(GIVEN ENTRIES)
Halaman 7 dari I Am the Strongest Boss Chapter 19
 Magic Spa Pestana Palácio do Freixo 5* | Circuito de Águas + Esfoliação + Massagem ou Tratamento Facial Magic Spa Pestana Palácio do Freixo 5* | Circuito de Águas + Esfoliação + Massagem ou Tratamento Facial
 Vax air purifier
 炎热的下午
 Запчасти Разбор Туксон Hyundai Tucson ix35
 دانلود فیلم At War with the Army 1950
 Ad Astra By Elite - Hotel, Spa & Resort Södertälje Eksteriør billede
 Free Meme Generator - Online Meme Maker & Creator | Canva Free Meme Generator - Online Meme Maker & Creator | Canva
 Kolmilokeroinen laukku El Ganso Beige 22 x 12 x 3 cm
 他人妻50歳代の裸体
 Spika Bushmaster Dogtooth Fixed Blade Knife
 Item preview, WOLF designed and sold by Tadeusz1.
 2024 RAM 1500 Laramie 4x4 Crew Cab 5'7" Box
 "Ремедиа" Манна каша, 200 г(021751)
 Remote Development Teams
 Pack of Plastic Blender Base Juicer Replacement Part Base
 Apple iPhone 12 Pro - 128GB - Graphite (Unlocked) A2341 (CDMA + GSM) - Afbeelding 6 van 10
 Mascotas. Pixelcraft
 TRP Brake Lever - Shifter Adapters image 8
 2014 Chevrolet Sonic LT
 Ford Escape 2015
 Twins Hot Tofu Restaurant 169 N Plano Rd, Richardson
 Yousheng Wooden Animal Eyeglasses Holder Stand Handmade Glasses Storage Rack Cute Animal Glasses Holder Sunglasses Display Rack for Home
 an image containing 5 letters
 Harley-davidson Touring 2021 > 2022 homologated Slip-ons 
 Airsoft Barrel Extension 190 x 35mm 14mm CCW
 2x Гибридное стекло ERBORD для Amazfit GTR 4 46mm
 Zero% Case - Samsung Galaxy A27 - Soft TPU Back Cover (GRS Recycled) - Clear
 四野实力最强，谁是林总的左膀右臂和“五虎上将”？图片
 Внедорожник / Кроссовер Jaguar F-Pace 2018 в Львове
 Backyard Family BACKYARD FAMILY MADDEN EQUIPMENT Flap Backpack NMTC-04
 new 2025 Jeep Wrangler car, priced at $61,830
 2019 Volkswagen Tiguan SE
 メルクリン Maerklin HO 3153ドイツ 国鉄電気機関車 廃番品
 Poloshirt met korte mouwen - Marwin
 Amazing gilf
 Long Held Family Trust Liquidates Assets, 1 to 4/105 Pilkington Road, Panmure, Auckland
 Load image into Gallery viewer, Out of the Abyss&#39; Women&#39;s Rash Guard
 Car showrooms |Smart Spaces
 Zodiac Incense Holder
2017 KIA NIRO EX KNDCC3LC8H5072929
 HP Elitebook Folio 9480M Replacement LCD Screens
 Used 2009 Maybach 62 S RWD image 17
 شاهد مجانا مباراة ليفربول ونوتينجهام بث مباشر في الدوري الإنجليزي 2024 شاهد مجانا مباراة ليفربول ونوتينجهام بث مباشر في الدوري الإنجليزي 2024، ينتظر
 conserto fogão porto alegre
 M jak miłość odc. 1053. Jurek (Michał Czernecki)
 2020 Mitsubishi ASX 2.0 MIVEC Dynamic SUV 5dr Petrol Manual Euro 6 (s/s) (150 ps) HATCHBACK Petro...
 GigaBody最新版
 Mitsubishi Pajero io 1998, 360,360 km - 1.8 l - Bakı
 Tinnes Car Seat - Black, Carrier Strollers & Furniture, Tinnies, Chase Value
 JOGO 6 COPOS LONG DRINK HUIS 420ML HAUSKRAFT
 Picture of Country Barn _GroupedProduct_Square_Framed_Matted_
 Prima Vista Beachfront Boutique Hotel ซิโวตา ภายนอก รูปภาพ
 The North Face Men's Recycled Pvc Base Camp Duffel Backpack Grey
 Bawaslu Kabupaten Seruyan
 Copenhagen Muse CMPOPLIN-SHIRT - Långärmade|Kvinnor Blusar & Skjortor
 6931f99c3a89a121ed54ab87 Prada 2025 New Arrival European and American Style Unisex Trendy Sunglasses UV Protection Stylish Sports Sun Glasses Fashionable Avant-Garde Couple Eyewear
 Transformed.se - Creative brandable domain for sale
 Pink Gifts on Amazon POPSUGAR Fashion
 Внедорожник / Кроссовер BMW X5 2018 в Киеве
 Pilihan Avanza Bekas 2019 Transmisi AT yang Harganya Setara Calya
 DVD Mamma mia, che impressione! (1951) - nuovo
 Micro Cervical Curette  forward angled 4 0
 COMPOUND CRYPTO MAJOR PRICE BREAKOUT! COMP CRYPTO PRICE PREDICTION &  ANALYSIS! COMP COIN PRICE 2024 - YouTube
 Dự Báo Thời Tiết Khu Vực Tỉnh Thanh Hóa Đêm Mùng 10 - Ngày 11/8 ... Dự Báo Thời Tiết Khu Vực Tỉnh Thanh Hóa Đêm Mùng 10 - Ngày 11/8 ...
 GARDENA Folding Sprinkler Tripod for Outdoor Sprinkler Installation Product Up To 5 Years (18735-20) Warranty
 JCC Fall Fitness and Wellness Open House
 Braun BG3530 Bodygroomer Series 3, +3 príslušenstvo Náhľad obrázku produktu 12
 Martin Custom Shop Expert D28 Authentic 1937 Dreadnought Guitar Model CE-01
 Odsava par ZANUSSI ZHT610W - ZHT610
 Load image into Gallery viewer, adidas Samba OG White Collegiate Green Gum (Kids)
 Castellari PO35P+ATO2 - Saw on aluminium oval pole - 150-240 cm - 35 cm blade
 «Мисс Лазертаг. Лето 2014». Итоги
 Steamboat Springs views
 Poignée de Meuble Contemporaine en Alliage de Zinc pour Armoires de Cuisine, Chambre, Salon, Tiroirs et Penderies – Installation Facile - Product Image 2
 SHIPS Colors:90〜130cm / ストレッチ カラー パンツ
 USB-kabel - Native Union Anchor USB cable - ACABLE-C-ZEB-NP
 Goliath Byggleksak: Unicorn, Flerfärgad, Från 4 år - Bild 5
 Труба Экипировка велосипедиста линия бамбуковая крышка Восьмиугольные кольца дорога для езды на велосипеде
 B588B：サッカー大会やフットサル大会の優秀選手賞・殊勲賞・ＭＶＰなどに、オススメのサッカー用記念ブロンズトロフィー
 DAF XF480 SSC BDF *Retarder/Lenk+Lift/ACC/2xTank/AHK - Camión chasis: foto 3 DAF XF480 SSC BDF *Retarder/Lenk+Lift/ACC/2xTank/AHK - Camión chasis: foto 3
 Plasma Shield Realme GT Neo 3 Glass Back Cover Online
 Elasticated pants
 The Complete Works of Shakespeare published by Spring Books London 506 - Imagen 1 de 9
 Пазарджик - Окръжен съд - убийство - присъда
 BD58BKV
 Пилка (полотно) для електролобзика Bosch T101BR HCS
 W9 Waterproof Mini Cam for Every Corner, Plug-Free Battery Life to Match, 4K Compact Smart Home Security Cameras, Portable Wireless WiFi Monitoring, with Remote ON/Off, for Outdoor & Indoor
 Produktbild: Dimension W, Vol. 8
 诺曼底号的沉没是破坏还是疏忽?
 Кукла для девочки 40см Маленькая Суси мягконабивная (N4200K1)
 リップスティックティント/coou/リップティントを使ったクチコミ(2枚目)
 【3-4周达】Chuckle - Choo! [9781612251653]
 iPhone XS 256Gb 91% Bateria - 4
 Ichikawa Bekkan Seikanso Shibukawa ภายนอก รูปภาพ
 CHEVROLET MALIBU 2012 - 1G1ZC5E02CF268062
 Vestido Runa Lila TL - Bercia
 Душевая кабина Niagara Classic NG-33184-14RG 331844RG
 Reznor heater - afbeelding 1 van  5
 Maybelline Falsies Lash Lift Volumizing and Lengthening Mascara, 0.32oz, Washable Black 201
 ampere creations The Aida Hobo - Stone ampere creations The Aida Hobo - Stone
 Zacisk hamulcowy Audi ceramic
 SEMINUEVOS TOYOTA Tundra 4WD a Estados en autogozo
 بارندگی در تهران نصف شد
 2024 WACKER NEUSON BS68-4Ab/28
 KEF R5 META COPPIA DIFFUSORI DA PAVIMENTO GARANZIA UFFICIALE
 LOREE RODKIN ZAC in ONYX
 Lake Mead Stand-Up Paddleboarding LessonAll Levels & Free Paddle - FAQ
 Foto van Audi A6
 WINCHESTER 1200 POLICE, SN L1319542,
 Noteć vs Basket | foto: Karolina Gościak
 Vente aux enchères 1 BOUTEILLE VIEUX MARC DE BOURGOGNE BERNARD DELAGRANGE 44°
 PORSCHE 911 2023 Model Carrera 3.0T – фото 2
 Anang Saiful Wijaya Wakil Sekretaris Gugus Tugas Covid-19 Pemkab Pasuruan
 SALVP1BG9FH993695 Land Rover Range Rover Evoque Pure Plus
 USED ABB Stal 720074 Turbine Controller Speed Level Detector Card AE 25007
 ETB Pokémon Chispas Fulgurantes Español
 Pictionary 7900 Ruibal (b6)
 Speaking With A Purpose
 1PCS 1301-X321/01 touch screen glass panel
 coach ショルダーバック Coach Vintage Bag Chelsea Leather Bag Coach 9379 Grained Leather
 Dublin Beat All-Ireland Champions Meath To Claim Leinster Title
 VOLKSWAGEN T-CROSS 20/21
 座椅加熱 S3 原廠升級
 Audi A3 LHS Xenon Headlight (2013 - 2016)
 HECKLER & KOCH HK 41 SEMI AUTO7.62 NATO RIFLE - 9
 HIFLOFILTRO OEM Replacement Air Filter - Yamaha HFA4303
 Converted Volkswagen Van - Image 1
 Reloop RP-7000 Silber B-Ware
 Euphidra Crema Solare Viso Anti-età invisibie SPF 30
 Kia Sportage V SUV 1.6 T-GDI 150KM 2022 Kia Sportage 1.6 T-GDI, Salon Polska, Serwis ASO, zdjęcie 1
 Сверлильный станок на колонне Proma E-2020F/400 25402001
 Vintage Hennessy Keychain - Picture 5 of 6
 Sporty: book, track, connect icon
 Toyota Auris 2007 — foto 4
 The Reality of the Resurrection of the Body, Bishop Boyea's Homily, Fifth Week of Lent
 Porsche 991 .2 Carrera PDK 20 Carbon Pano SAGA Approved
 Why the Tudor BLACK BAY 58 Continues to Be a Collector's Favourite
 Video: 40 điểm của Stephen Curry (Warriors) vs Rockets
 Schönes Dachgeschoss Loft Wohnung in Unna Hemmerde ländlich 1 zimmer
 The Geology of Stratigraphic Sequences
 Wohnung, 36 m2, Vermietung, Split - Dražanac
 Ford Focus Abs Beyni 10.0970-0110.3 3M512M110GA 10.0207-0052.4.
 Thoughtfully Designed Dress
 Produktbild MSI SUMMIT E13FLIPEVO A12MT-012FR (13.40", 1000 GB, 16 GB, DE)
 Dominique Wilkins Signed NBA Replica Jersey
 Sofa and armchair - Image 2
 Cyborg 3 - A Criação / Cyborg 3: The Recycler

(EXERCISE BRIEF)
Only the lines above starting at the one containing "Dublin Beat All-Ireland" and ending at the one containing "Thoughtfully Designed Dress", both included, are to be returned, exactly as they read.

(SOLUTION TO THE EXERCISE)
 Dublin Beat All-Ireland Champions Meath To Claim Leinster Title
 VOLKSWAGEN T-CROSS 20/21
 座椅加熱 S3 原廠升級
 Audi A3 LHS Xenon Headlight (2013 - 2016)
 HECKLER & KOCH HK 41 SEMI AUTO7.62 NATO RIFLE - 9
 HIFLOFILTRO OEM Replacement Air Filter - Yamaha HFA4303
 Converted Volkswagen Van - Image 1
 Reloop RP-7000 Silber B-Ware
 Euphidra Crema Solare Viso Anti-età invisibie SPF 30
 Kia Sportage V SUV 1.6 T-GDI 150KM 2022 Kia Sportage 1.6 T-GDI, Salon Polska, Serwis ASO, zdjęcie 1
 Сверлильный станок на колонне Proma E-2020F/400 25402001
 Vintage Hennessy Keychain - Picture 5 of 6
 Sporty: book, track, connect icon
 Toyota Auris 2007 — foto 4
 The Reality of the Resurrection of the Body, Bishop Boyea's Homily, Fifth Week of Lent
 Porsche 991 .2 Carrera PDK 20 Carbon Pano SAGA Approved
 Why the Tudor BLACK BAY 58 Continues to Be a Collector's Favourite
 Video: 40 điểm của Stephen Curry (Warriors) vs Rockets
 Schönes Dachgeschoss Loft Wohnung in Unna Hemmerde ländlich 1 zimmer
 The Geology of Stratigraphic Sequences
 Wohnung, 36 m2, Vermietung, Split - Dražanac
 Ford Focus Abs Beyni 10.0970-0110.3 3M512M110GA 10.0207-0052.4.
 Thoughtfully Designed Dress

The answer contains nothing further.